Task requirements → Skip the pictures, and retype the data below in full, exactly.

____ Given entries

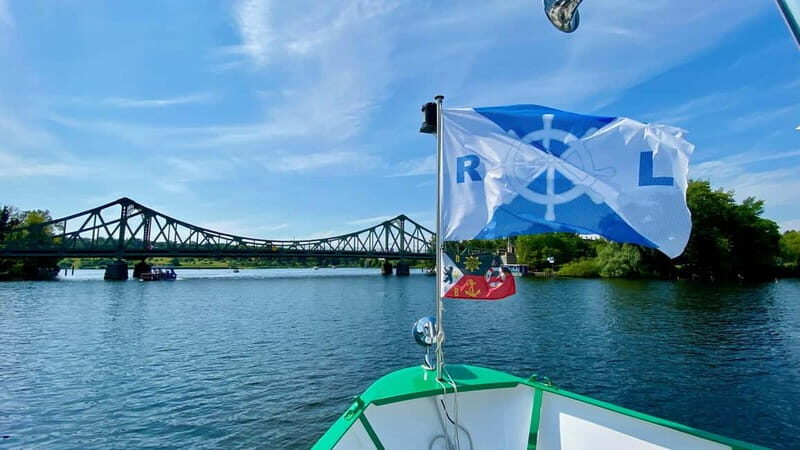 Berlin: Potsdam-Rundfahrt über die Unterhavel mit Guide - Key Things To Know Before You Go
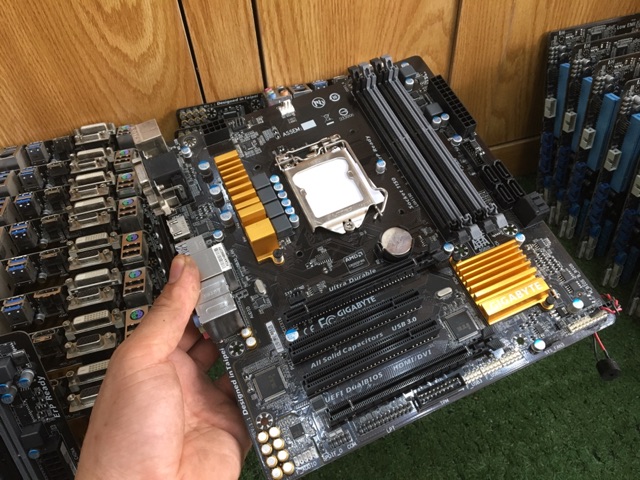 Main giga H97-d3h, Main giga H97m-d3h, Main giga socket 1150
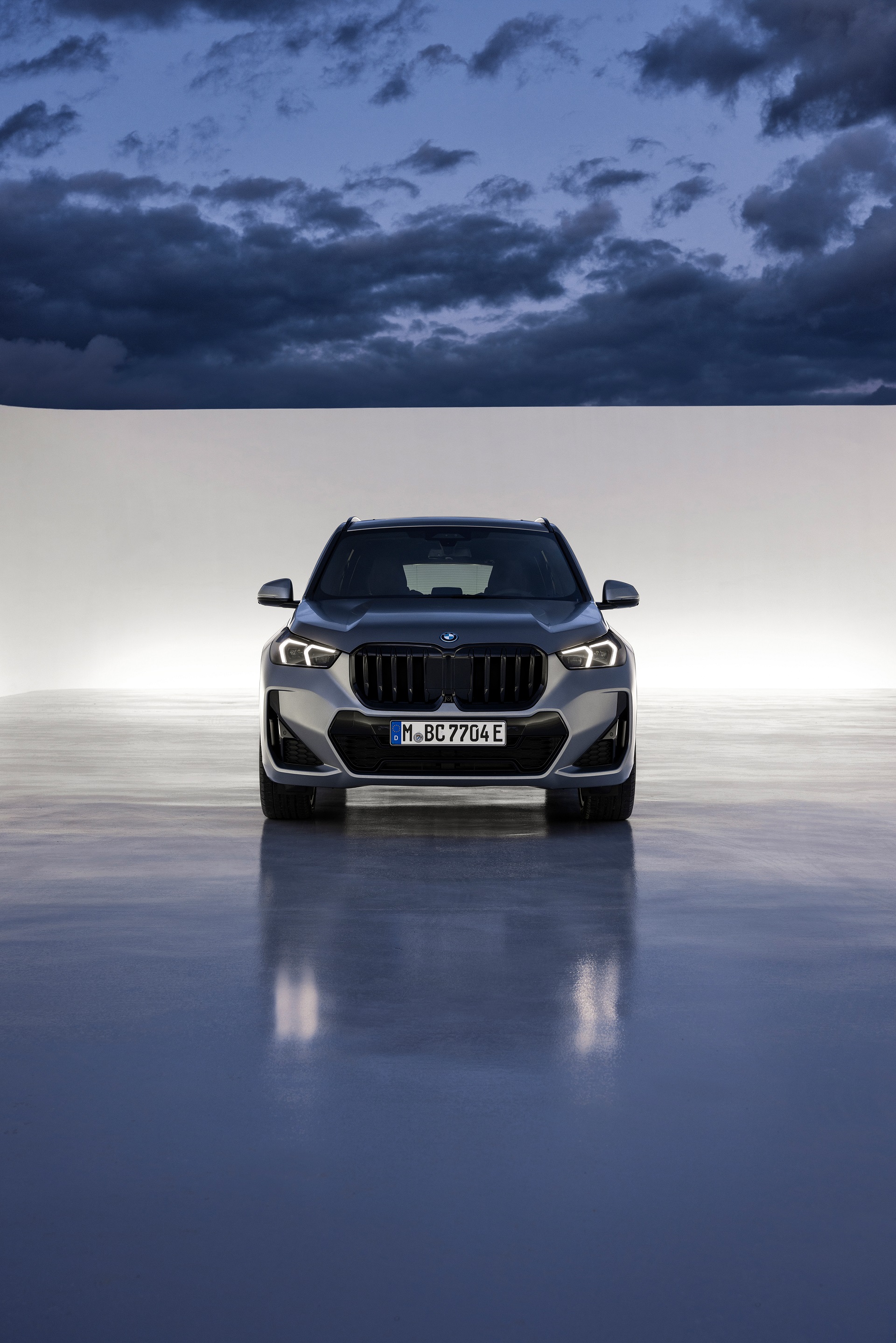 Download 2023 BMW X1 xDrive30e - Front HD Phone Wallpaper 1920x2878 #26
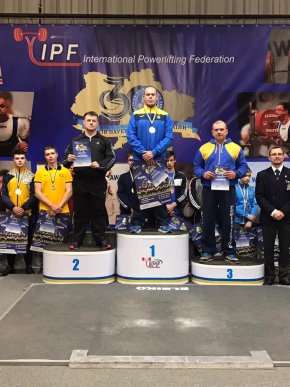Мукачівські спортсмени вибороли три «золоті» нагороди на чемпіонаті України з жиму лежачи – 01
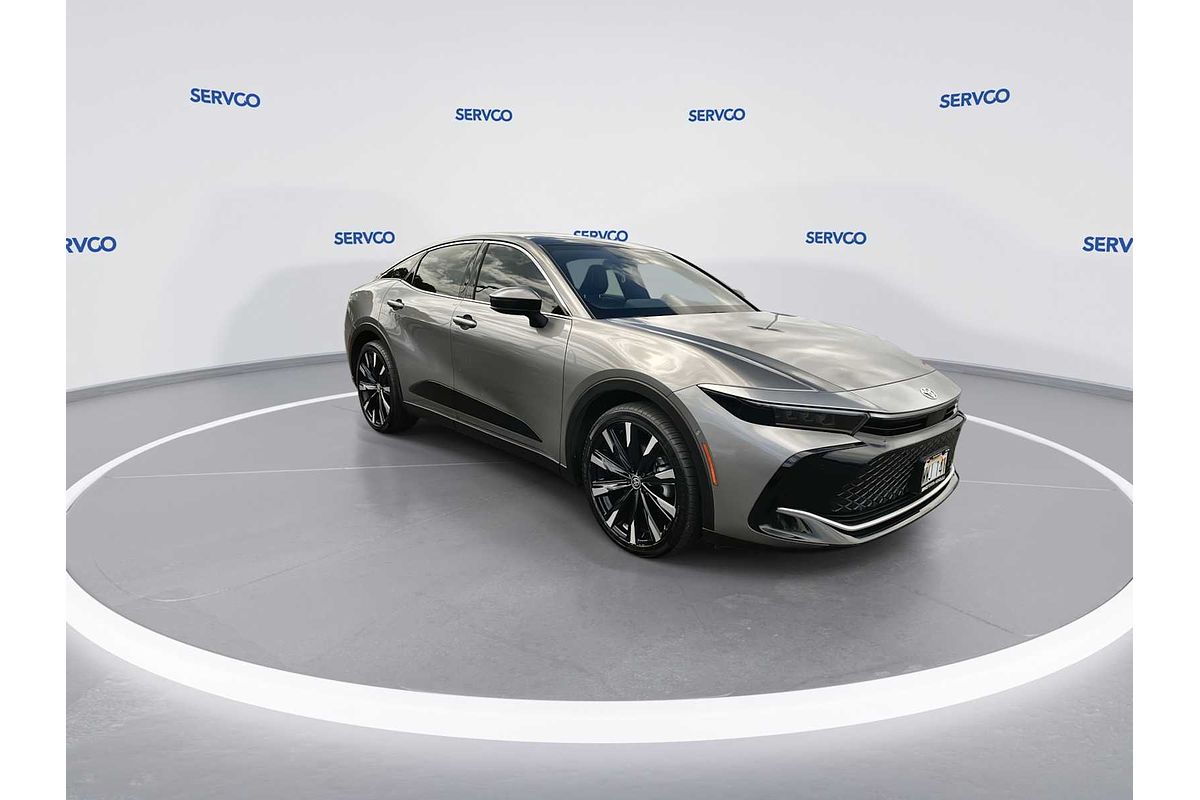 2023 Toyota Crown Platinum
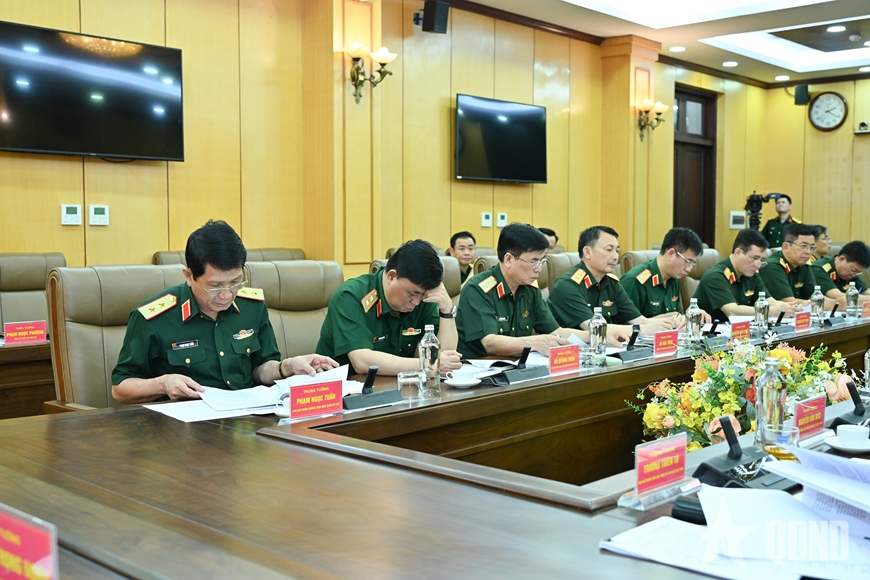 Gallery - 	Đại tướng Nguyễn Trọng Nghĩa chủ trì phiên họp Hội đồng TĐ-KT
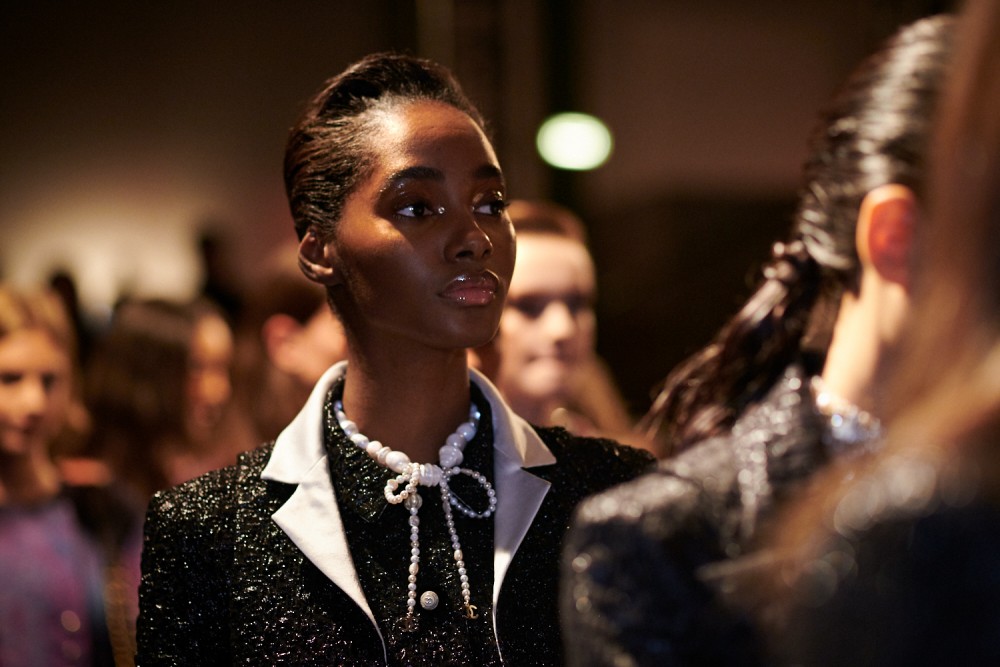 Virginie Viard回歸CHANEL的靈感天堂!重新演繹Métiers d'art系列的初心!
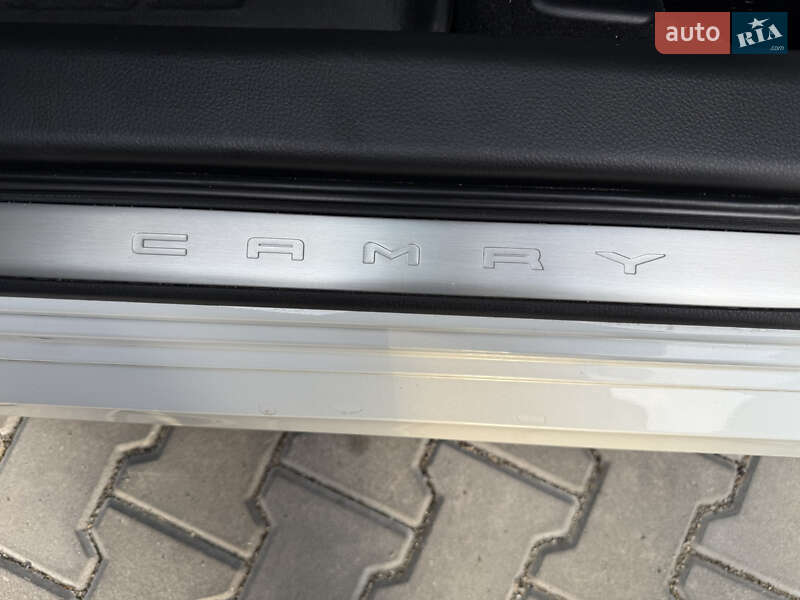 Седан Toyota Camry 2018 в Виннице фото 26 Седан Toyota Camry 2018 в Виннице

________

Task result →
 Berlin: Potsdam-Rundfahrt über die Unterhavel mit Guide - Key Things To Know Before You Go
 Main giga H97-d3h, Main giga H97m-d3h, Main giga socket 1150
 Download 2023 BMW X1 xDrive30e - Front HD Phone Wallpaper 1920x2878 #26
Мукачівські спортсмени вибороли три «золоті» нагороди на чемпіонаті України з жиму лежачи – 01
 2023 Toyota Crown Platinum
 Gallery - 	Đại tướng Nguyễn Trọng Nghĩa chủ trì phiên họp Hội đồng TĐ-KT
 Virginie Viard回歸CHANEL的靈感天堂!重新演繹Métiers d'art系列的初心!
 Седан Toyota Camry 2018 в Виннице фото 26 Седан Toyota Camry 2018 в Виннице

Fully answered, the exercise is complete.